Since 1984, the board’s standard for determining whether an entity was a joint employer required a showing that the entity’s control was “immediate and direct” rather than “limited and routine.” Further, in its previous decisions, the board focused on control that was actually exercised over employees rather than control that hypothetically could be exercised. However, in its recently released decision Browning-Ferris Industries of California, Inc. d/b/a BFI Newby Recyclery, 362 NLRB No. 186 (Aug. 27, 2015), the NLRB overruled its prior standard and concluded that an entity with the potential to exercise control over another entity’s employees was a joint employer and was obligated to participate in the collective bargaining process with respect to those issues in which the entity could exercise control. Additionally, the NLRB concluded that the potential control need not be directly exerted; rather, joint employer status could be based on control exercised indirectly through a third party.
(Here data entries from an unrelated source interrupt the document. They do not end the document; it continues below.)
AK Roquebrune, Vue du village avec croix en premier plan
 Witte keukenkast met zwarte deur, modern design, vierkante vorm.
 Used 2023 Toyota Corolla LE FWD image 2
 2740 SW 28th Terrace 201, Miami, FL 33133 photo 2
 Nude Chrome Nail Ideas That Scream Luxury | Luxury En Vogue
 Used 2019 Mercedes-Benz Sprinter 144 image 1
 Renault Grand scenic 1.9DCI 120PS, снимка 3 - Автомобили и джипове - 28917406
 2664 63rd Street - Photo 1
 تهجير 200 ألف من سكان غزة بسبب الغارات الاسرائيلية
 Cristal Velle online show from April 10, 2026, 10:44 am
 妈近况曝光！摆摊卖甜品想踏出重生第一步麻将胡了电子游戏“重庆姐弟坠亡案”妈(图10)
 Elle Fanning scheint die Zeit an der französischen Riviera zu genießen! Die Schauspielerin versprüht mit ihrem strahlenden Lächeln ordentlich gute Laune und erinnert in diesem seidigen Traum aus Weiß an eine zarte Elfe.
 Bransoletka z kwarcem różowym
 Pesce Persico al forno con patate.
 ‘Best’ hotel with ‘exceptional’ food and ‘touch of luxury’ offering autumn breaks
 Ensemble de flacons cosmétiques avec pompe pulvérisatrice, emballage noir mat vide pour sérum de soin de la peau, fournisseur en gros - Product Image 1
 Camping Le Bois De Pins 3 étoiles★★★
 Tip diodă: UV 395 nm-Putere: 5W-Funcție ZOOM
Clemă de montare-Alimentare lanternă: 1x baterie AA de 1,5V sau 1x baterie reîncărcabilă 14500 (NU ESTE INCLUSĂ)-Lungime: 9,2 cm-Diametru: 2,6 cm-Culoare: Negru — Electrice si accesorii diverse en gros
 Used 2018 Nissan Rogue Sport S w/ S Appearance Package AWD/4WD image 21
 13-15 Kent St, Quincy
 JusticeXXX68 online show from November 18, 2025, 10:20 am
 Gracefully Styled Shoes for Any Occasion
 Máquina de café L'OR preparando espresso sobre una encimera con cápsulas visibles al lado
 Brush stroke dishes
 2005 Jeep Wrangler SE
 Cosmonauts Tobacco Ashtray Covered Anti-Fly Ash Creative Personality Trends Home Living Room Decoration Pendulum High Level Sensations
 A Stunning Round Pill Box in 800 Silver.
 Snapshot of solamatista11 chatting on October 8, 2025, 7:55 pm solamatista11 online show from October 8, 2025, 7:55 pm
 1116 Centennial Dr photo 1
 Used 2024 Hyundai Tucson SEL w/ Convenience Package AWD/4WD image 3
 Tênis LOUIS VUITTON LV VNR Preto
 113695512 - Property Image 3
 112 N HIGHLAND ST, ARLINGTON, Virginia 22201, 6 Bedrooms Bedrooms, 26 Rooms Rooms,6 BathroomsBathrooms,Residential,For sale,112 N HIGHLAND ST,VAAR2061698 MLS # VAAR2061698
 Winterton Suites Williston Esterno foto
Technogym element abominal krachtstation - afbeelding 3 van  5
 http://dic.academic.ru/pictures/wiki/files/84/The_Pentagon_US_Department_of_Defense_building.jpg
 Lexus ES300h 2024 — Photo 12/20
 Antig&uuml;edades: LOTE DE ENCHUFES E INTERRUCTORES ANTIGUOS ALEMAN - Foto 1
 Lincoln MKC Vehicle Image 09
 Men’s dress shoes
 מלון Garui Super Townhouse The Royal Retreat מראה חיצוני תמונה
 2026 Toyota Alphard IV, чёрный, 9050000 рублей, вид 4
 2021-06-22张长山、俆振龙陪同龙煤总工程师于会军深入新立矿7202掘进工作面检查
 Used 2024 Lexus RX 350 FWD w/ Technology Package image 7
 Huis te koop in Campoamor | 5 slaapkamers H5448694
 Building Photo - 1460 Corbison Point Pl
The Browning-Ferris case involved an arrangement in which Browning-Ferris Industries of California, Inc. (BFI) contracted with a third party, Leadpoint Business Services, to provide employees who performed work at BFI’s facility. It was undisputed that Leadpoint was an employer — the issue was whether BFI, the recipient of the Leadpoint employees’ services, was a joint employer. In reaching its conclusion that BFI was a joint employer, the NLRB looked at a number of factors, in particular the contract between BFI and Leadpoint to determine whether BFI retained potential control over the Leadpoint employees’ terms and conditions of employment, regardless of whether BFI actually exercised that control. Notably, while the board did identify factors to consider under the newly announced test, it pointed out that the analysis is fact specific and refused to comment on the potential impact of the new test on facts other than those before it.

Other employee scenarios

While the Browning-Ferris case involved a leased-employee relationship, the NLRB’s decision could extend well beyond the temporary or leased employee scenario. The board has not given guidance on the potential effects the new standard may have on other types of relationships. For example, a parent corporation may indirectly exercise some authority over the employees of its subsidiary by requiring the subsidiary to meet certain standards. A franchisor may require its franchisees to apply standards for purposes of system consistency and trademark protection that indirectly affect employment conditions of franchisee employees. Contractors may require subcontractors to work certain hours or meet certain production standards. While these scenarios may not definitively create joint employer status, it is conceivable that any of these circumstances could satisfy the NLRB’s new test. The implications of joint employer status are significant, including obligations to collectively bargain and potential liability for unfair labor practice charges.

It is unclear whether BFI will file or need to file an appeal of the NLRB’s decision. The NLRB conducted the representation election prior to issuing its ruling and had impounded the ballots. Those ballots will be counted. In the event the union prevails in the election, BFI has the right to appeal the NLRB’s decision to either the 9th Circuit or D.C. Circuit Court of Appeals.